▸ **Requirement**
Transcribe word for word the lines spanning the line with "SITTING HANUMAN" through the end of the records.

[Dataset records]
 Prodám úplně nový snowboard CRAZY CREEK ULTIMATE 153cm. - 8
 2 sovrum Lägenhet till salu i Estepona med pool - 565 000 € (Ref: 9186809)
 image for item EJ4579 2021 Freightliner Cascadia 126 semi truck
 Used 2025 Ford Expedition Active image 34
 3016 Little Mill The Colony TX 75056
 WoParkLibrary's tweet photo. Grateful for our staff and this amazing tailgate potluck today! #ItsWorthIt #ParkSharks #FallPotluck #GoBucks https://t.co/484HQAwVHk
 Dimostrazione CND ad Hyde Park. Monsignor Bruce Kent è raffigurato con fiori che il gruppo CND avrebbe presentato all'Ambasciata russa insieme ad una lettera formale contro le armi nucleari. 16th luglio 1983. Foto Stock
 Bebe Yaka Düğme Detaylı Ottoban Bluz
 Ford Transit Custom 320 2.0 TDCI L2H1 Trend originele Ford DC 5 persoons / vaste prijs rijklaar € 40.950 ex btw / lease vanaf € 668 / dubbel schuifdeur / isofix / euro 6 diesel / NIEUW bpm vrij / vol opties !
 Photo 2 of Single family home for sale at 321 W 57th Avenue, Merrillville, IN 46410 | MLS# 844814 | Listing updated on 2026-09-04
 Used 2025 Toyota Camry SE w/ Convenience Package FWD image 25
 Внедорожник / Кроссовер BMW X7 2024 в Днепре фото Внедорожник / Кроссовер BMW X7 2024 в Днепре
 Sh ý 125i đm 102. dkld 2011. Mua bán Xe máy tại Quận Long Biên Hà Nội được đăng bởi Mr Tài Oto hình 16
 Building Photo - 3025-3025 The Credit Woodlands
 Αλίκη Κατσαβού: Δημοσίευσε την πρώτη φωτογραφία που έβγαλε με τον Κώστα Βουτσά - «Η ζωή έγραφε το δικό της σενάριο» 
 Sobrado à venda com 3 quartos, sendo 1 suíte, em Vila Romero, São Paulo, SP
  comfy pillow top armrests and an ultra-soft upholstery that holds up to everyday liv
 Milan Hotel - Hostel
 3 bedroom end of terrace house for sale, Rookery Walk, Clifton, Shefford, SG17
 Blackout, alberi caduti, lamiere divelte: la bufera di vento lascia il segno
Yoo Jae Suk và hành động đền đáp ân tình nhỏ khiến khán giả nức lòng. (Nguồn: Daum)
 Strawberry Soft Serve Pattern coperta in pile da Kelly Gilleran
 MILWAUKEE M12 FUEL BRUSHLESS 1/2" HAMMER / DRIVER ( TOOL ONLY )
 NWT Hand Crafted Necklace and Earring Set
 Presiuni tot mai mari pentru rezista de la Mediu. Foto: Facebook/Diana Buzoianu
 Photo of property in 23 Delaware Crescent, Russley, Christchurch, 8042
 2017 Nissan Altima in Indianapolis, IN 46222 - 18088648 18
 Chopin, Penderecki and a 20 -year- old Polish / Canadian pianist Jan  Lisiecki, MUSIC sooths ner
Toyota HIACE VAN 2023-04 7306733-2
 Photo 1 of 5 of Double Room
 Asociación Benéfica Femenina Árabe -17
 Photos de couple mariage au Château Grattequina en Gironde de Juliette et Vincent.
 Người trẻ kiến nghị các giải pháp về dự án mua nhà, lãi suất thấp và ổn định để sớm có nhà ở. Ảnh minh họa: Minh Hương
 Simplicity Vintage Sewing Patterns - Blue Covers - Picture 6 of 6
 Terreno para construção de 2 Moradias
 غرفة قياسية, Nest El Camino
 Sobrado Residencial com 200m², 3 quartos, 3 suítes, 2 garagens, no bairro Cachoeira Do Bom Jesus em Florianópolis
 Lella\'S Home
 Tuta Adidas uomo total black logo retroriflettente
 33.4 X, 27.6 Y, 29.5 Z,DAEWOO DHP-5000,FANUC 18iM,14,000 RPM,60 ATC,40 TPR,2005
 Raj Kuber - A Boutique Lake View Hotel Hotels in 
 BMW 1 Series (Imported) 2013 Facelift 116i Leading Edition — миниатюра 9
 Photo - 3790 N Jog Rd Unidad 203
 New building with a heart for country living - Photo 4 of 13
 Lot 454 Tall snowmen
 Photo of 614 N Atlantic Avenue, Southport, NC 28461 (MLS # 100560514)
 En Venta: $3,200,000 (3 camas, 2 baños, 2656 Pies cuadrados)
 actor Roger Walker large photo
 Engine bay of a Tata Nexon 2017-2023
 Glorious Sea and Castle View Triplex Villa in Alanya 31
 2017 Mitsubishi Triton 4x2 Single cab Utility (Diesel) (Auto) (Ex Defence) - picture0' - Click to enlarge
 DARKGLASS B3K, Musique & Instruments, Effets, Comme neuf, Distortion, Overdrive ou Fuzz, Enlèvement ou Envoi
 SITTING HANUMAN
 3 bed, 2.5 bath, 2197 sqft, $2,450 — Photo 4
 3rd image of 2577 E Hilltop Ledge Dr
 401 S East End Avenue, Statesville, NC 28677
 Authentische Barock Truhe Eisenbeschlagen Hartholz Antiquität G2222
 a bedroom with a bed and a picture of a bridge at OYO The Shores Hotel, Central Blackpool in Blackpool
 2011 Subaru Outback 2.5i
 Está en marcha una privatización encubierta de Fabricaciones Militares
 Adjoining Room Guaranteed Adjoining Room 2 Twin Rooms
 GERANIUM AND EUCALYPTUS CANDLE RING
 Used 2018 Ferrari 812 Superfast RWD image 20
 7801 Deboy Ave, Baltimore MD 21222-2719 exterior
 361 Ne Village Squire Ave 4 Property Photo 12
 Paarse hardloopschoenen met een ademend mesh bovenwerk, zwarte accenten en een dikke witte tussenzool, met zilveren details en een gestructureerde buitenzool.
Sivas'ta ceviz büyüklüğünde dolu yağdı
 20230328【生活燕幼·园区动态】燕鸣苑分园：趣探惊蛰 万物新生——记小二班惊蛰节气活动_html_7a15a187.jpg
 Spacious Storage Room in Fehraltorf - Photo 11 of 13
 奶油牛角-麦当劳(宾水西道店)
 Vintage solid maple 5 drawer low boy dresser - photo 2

▸ **Solution for this problem**
 SITTING HANUMAN
 3 bed, 2.5 bath, 2197 sqft, $2,450 — Photo 4
 3rd image of 2577 E Hilltop Ledge Dr
 401 S East End Avenue, Statesville, NC 28677
 Authentische Barock Truhe Eisenbeschlagen Hartholz Antiquität G2222
 a bedroom with a bed and a picture of a bridge at OYO The Shores Hotel, Central Blackpool in Blackpool
 2011 Subaru Outback 2.5i
 Está en marcha una privatización encubierta de Fabricaciones Militares
 Adjoining Room Guaranteed Adjoining Room 2 Twin Rooms
 GERANIUM AND EUCALYPTUS CANDLE RING
 Used 2018 Ferrari 812 Superfast RWD image 20
 7801 Deboy Ave, Baltimore MD 21222-2719 exterior
 361 Ne Village Squire Ave 4 Property Photo 12
 Paarse hardloopschoenen met een ademend mesh bovenwerk, zwarte accenten en een dikke witte tussenzool, met zilveren details en een gestructureerde buitenzool.
Sivas'ta ceviz büyüklüğünde dolu yağdı
 20230328【生活燕幼·园区动态】燕鸣苑分园：趣探惊蛰 万物新生——记小二班惊蛰节气活动_html_7a15a187.jpg
 Spacious Storage Room in Fehraltorf - Photo 11 of 13
 奶油牛角-麦当劳(宾水西道店)
 Vintage solid maple 5 drawer low boy dresser - photo 2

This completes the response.